Many families have both plant babies and fur babies- but sometimes, these two responsibilities can clash. Are you having trouble keeping your pets out of your garden? Between fencing, various additives, or even embracing the chaos, there’s lots of ways to handle such an issue. Read on to see some of our recommendations!

Why is Pet-Proofing Necessary?

Pet-proofing your garden is crucial to protect the safety and health of your pets. Many common garden plants can be toxic to pets if ingested; similarly, some chemicals and pesticides used in gardening can be harmful to pets, so you’ll want to keep your fur babies away from it or opt for pet-safe alternatives whenever possible. Pets could also be injured by stray tools, particularly if they’re sharp; or they may eat your compost and get sick.

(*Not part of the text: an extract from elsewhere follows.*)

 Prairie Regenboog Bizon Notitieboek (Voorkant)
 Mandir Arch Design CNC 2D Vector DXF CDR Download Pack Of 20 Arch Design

On the other side, pets, especially dogs and cats, can unintentionally cause damage to a garden. Even through playing, behaviors such as digging, trampling, doing their business, or snacking on the plants, could cause damage. Digging can uproot plants and disrupt the garden’s appearance, while trampling can lead to bare patches in lawns and flower beds. Pets’ urine contains nitrogen, which can burn plants, and their feces may introduce harmful bacteria. Chewing on plants can harm their growth. Additionally, pets can disrupt beneficial insects and their role in pollination.

By implementing some preventative measures, you can make sure to protect your pets and your hobby!

3 Great Ways to Pet-Proof Your Garden

  • A wall or fence can protect the whole bed

Six feet is generally high enough for most dogs. If your dog is an exceptional vertical jumper or a good climber, go for seven or eight feet. Chicken wire may be plenty strong enough for cats or dogs who don’t try and test physical barriers, but if your pets are aggressive investigators, wood or hard mesh may work out better for you.

If your pets (or local animals) have a tendency to dig, you might want to burry the bottom of the fence deep with stones just under the surface. Most animals will stop digging once they hit something hard.

  • Raised beds are difficult to wander into

This can deter animals like bunnies, too, which may wander in with the intent of getting an easy meal and a good place to burrow. This does restrict your gardening area, however.

  • Odorous deterrents can repel the animals entirely

Plants like rosemary or peppers deter some animals like dogs; Coffee grounds keeps cats away

What if I want a Pet-Friendly Garden?

  • Fences are still important

Even if you’re okay with your pets bounding through the garden rows, you still need to protect them from dangerous areas. Make sure they won’t end up chasing each other or a toy into a road or another property!

  • Try to create a play specific area

Some pets tend to participate in mirroring, where they try to mimick things their humans do in order to bond better. If you find your pup is digging up your garden after you planted new things, creating a specific area for the pet to dig (maybe with some good sturdy plants that can take the abuse) is a great way to bond!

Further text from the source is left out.